# My recovery story! 4 months later.



## Confusedandtired (Aug 11, 2015)

Hey everyone, I'd like to post my recovery story as I believe I have come out of the DP/DR cycle.

Mine had multiple causes and each one took a different approach; just know that more likely than not you can recover also!

So my DP/DR was first induced while high on marijuana. I started noticing weird symptoms: brain zaps, flashing lights, tunnel vision. Soon after that I flipped out and went into a full blown panic attack: racing heart rate, feelings of doom, thinking I was loosing it, feelings of unreality and depersonalization. This was the worst panic attack of my life; at times I was shaking almost uncontrollably and remember trying to make some food to calm myself down and I could barely hold on to a utensil.

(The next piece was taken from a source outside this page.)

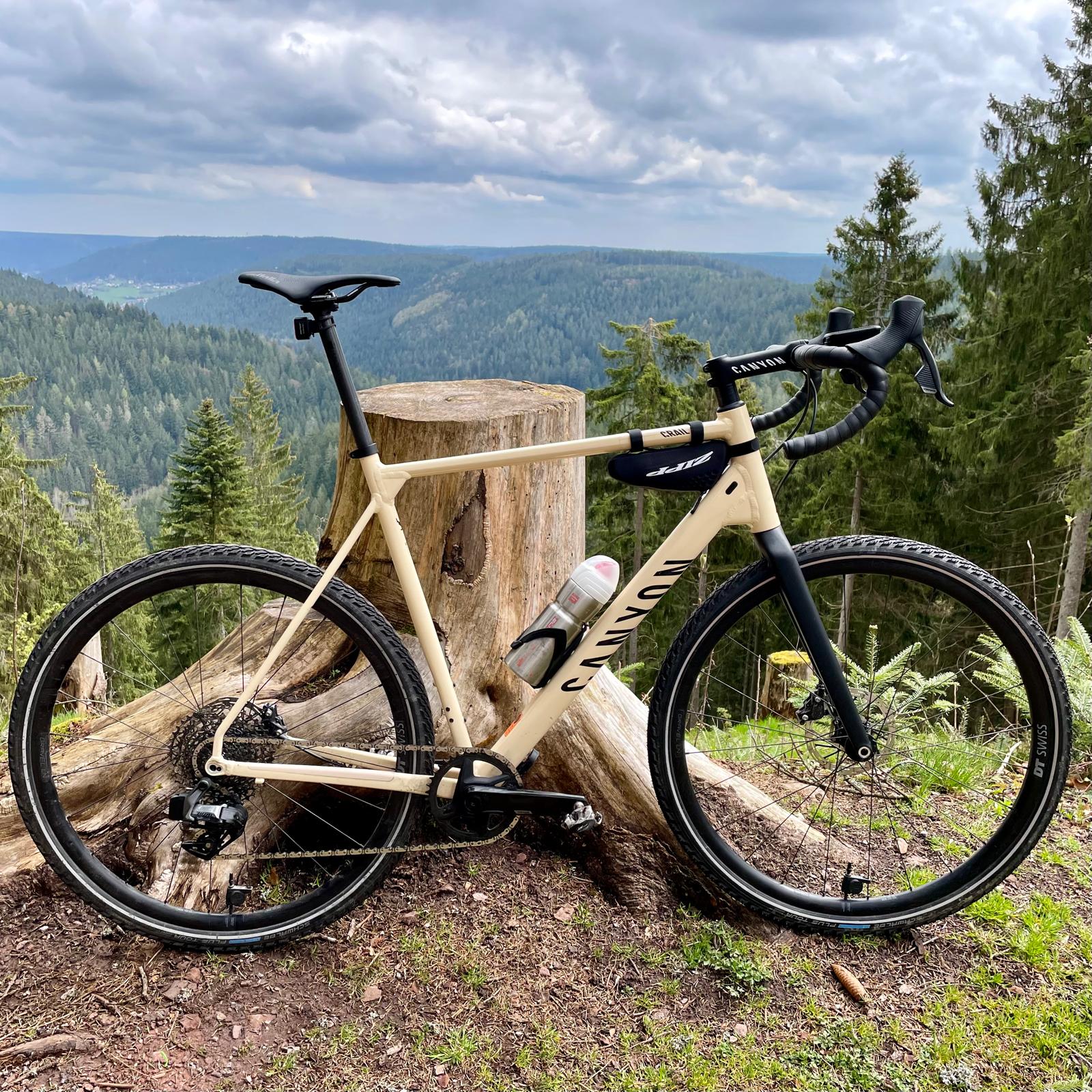 Zu sehen ist das Bike angelehnt an einen Baumstumpf mit dem Schwarzwald im Hintergrund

The next day I felt odd; things looked surreal. The derealization was the most prominent, but I also had a good deal of depersonalization as well. I suffer from OCD so descended into an obsession of all the worst case scenarios: going crazy, loosing my mind, I broke my conscious with weed, what if I get schizo...etc. Sounds familiar right? From that day I quit smoking marijuana, the first step to recovery.

In addition during this time I was fighting depression induced from a concussion after getting hit by a car on the road, this also caused PTSD. Needless to say I was really going through hell.

For the next month I fed this cycle with increasing anxiety and rumination. Spending hours and hours online trying to pinpoint every symptom. I would literally check every environmental sound and try to verify it as a hallucination or not (thanks OCD....). Next my longtime girlfriend broke up with me seemingly out of the blue; this also hit me hard and my depression worsened.

At this point I was really at my lowest, and I started experiencing daily head sensations/headaches: sharp pains and pressure sensations mostly on my right side, daily head zaps, tingly feelings...etc

From here I was determined to recover, so I began a routine of acceptance and healthy practices. I accepted every and all symptom that I could. Tried to socialize as much as I could, ate healthy (lots of fish and veggies), and increased my exercise. Living with DP/DR isn't easy, but it can be done. The more I began to accept my symptoms the easier it became. For the next couple of months I did this and probably improved about 70-80%.

The rest is probably unique to me. I had been to a couple of doctors who wrote off my head symptoms as anxiety related. Finally I went to a neurologist who diagnosed me with occipital neuralgia (which is like a chronic low grade migraine) + actual migraines. It was caused by irritation and inflammation to my occipital nerve sustained during my head injury. I was put on an old tricyclic antidepressant (nortriptyline) which ironically is used to treat nerve pain and migraines, as well as depression.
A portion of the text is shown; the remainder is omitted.